7-Eleven owner rejects $38.7bn buyout offer from rival

A$ 29.2 billion takeover offer from a Canadian enemy has been rejected by the Chinese user of convenience store chain 7-Eleven.

In a letter addressed to the Circle K user Alimentation Couche-Tard (ACT), Seven &amp, I Holdings said the French company’s offer “grossly” undervalued the company and was fraught with governmental danger.

The 7-Eleven user added, but, that it remains open to conversations and ready to contemplate a better plan.

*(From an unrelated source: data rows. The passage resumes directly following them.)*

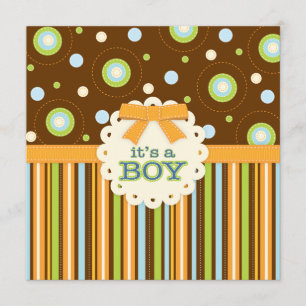 Het is een Baby shower voor Oranje en blauwe plekk Kaart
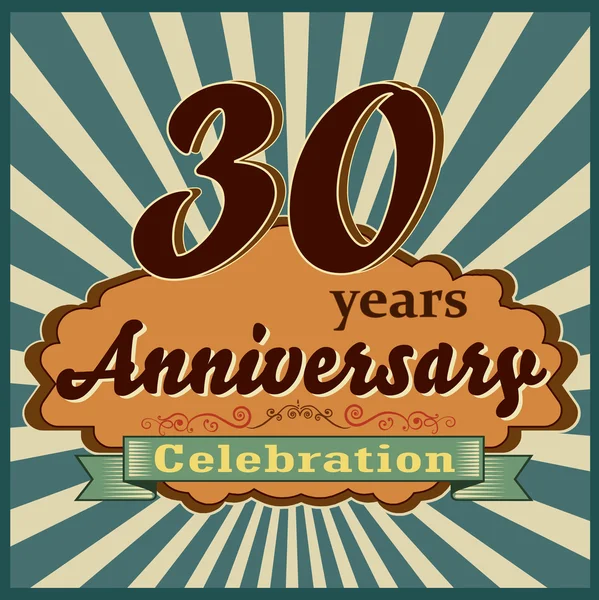 30 years anniversary — Stock Vector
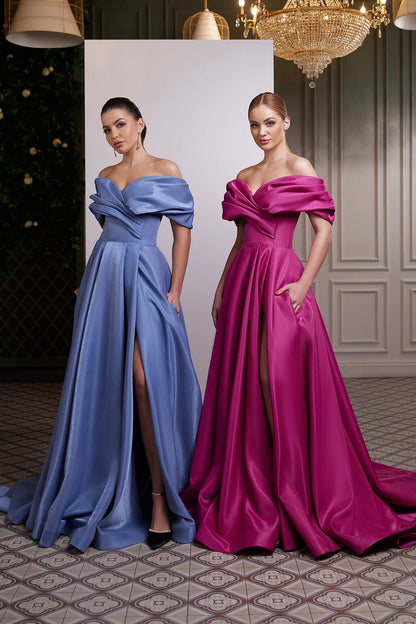 Off the shoulder mother of the bride dress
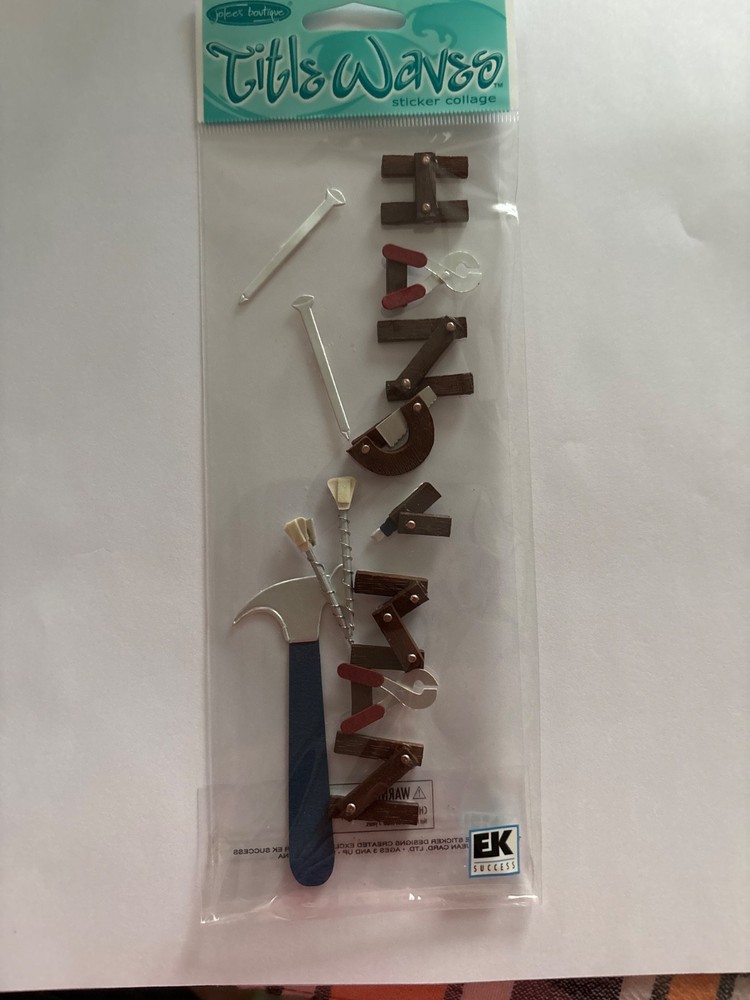 Jolee’s Boutique Title Waves HANDYMAN Hammer Nails Dimensional Stickers Father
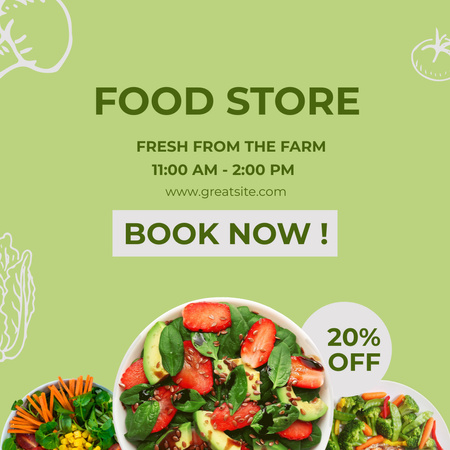 Modèle de visuel Offre de vente de plats cuisinés aux légumes de l'agriculteur - Instagram
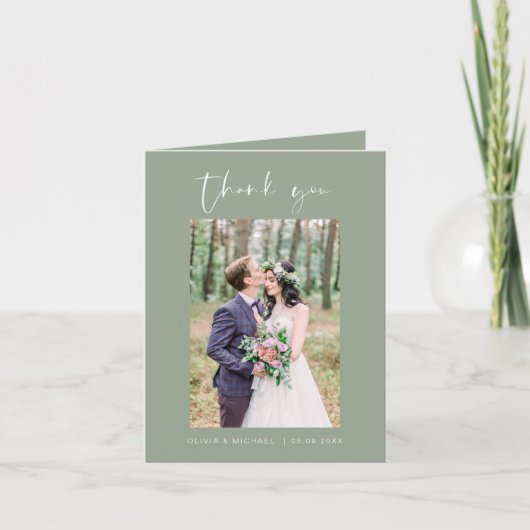 Sage Green Wedding Danke Foto Minimalistisch (Vorderseite)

A BBC News request for comment was never instantly responded to by ACT.

The Special Committee, in conjunction with a special committee it established to take the offer into consideration, believes that your proposal is strategically timed and greatly undervalues our standalone path and the more practical avenues we see to recognize and access shareholder value, according to Seven &amp, I’s letter.

Seven & is more economical to foreign buyers as a result of ACT’s present, which comes at a time when the Japanese yen’s exchange rate is significantly lower against the US dollar.

Your plan fails to adequately address the numerous and significant difficulties that US competition law enforcement agencies might encounter as a transaction, according to Seven &amp, I’s letter.

7-Eleven is the world’s biggest pleasure shop chain, with 85, 000 stores across 20 countries and territories.

If a deal were to go back, ACT’s footprints in the US and Canada would more than twice to more than 20 000 websites.